This past weekend was both emotionally and physically exhausting. Saturday afternoon, after watching Robby march in the local parade, I packed up and drove 5 hours to Butler PA. I wish I was leaving for a happy occasion, but my purpose was emotionally driven. My Dad's tombstone was unveiled on Sunday in a solemn graveside event which marked the end of Shiva.
Scott stayed at home with the boys. I quickly realized that traveling to the event by myself only exacerbated the emotions of grief and loneliness. Too much time alone with my own thoughts was definitely not a good thing! My mind began to swirl with bittersweet memories, frustrated thoughts and anger as the drive progressed.
I opted to drive straight to the cemetery to visit with my Dad instead of checking into the hotel and relaxing.

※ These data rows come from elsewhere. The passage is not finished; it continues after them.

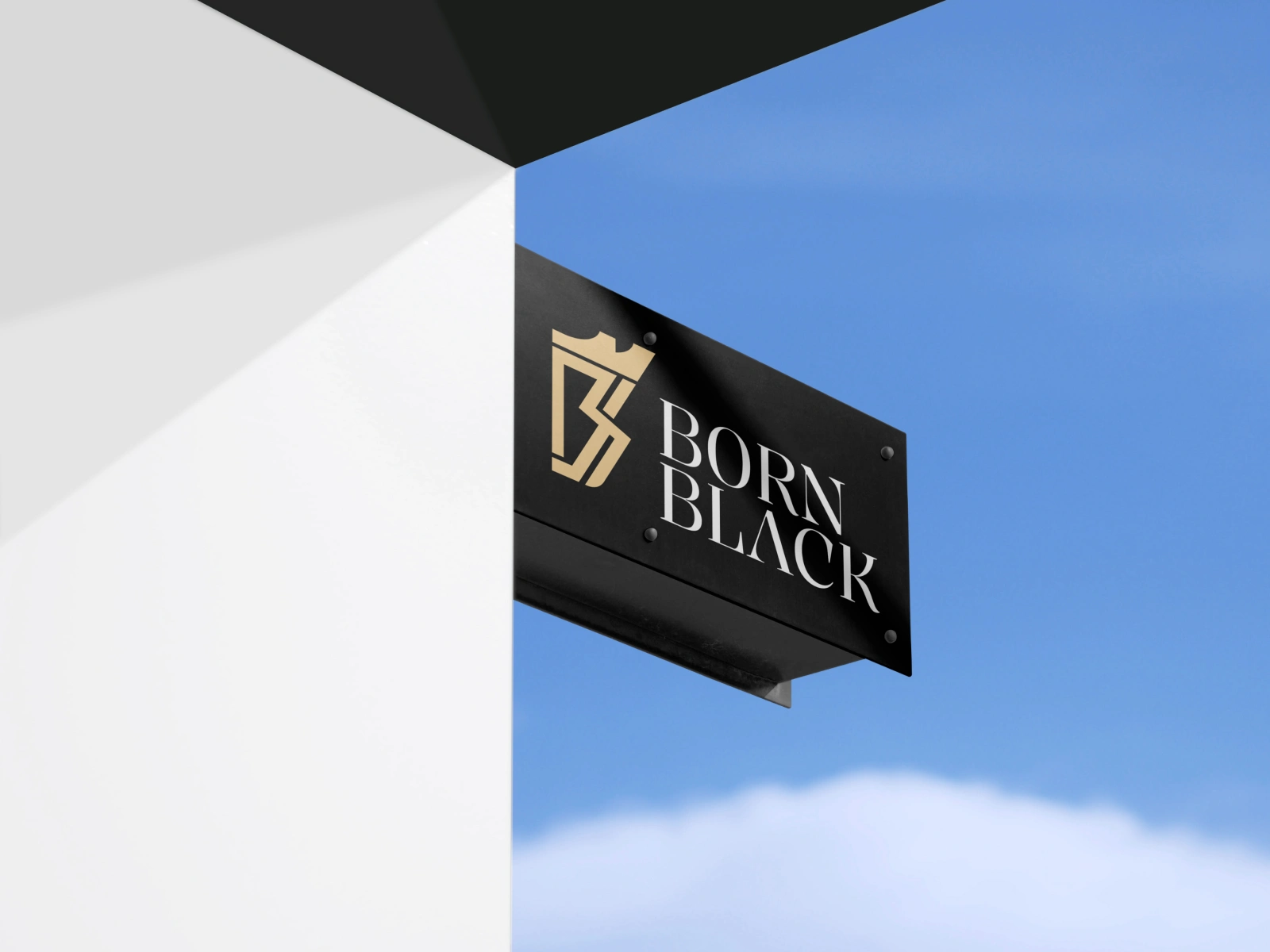 Signage for Born black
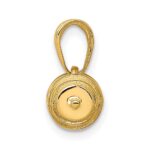 14k 3-D Barbell Pendant - Image 2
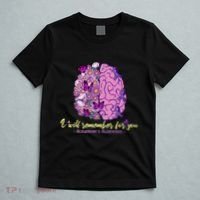 I Will Remember For You Brain Alzheimers Awareness T-Shirt thumb 5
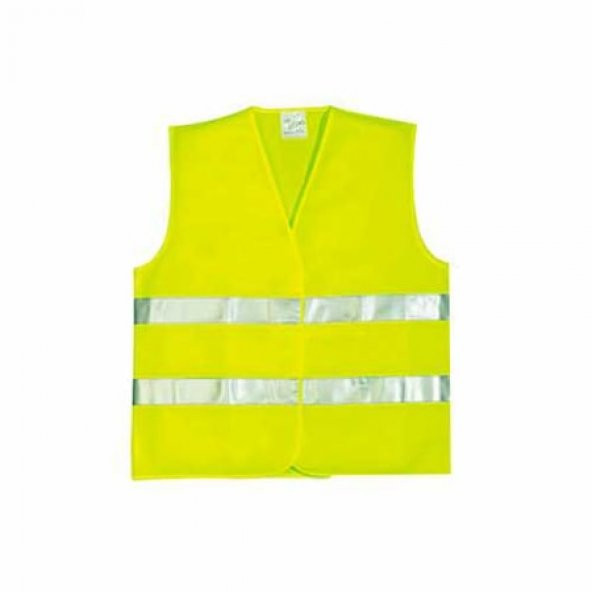 MOTOSİKLET BİSİKLET FOSFORLU YELEK REKLEFTİF XL SARI ürün görseli 1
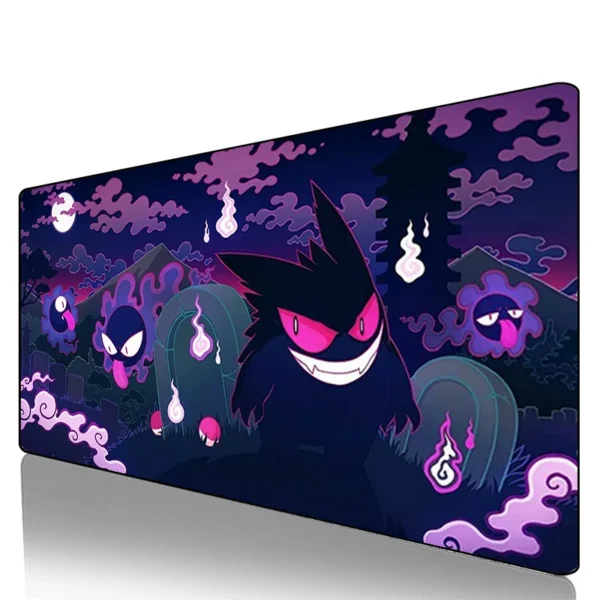 Mouse Pad Pokemon Pikachu Gengar Cool XXL PC Desk Mat Gamer Office Carpet Keyboard Table Gaming Accessories rug Mousepad — Mouse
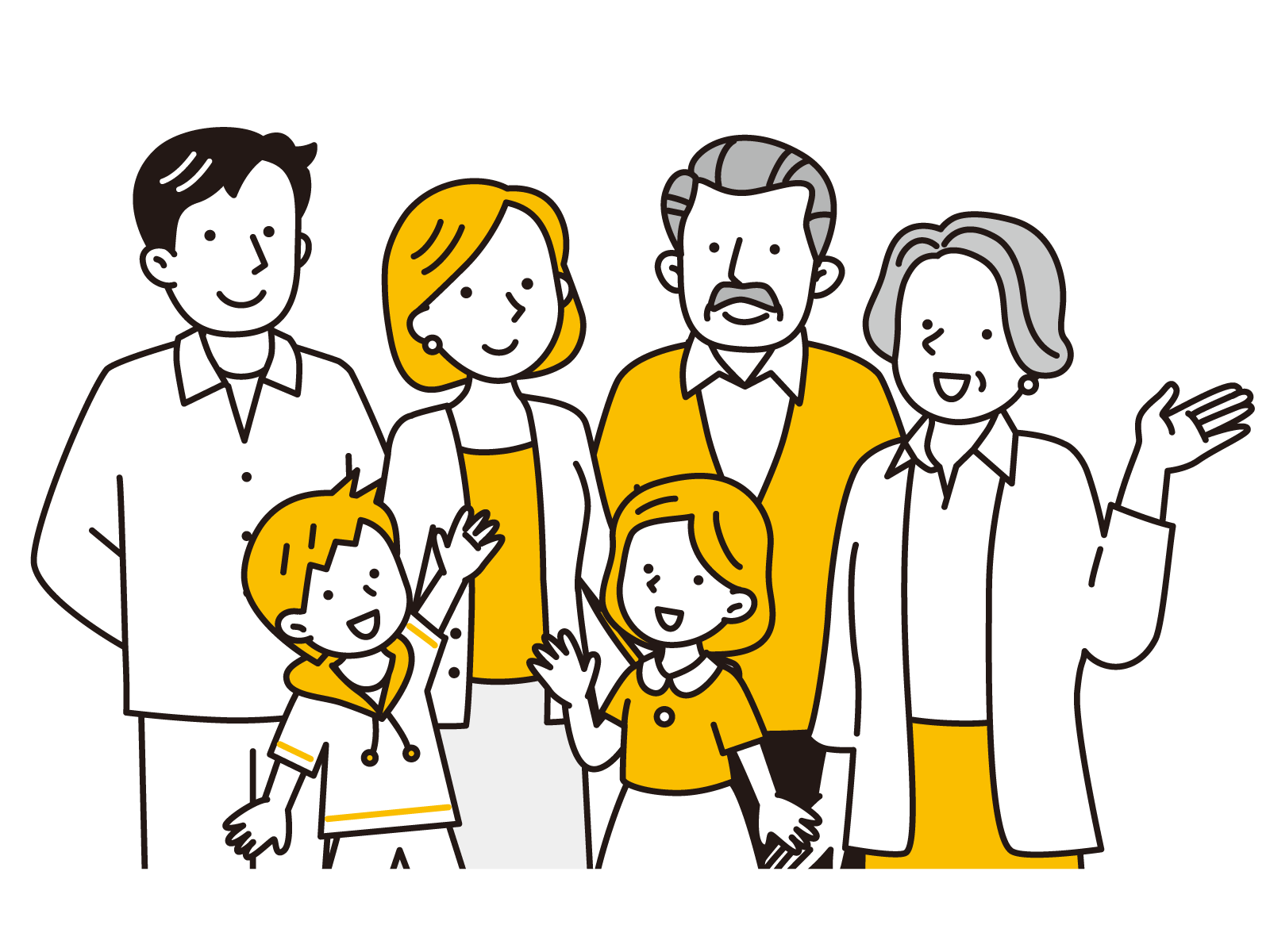 にこやかな家族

I knew that I wasn't supposed to see the stone or visit the grave until the ceremony, but I figured that he would understand. I wanted some quiet time to reflect, outside of the eyes of others.
I'm glad that I saw the headstone before it was officially unveiled, because I'm fairly certain my
reaction was not appropriate for the religious ceremony. Thankfully I knew what to expect and was able to take a preemptive action. I placed my personal touch onto his grave before the unveiling. (Insert cheeky grin.)
Unfortunately the long drive caused a large blister to form in the middle back of my limb. By the time I arrived at the hotel I could barely walk because of the pain. I spent the remainder of the night with my leg off, crawling around the hotel room. (The fact that I opted to crawl around a hotel room floor instead of putting on my leg should serve as an indicator for the amount of pain I was experiencing.) Thankfully by the morning the blister had popped and I was able to slip into my leg with only moderate discomfort.
After the unveiling and lunch I headed home, where I encountered both rain and Steelers traffic. My frustrations reached the pinnacle when Scott called to ask me to swing by the grocery store to pick up toddler formula for Timmy. After spending the day at the cemetery and driving 12 out of the past 30 hours, the last thing I wanted to do was trudge through a grocery store. But I knew that Timmy needed it and I had no option but to make the stop.
I finally rolled into my driveway around 9:00, where Robby met me in the driveway. His hug immediately soothed the pain I was feeling. I'm looking forward to a drama-free, quiet week. Fingers crossed it becomes a reality!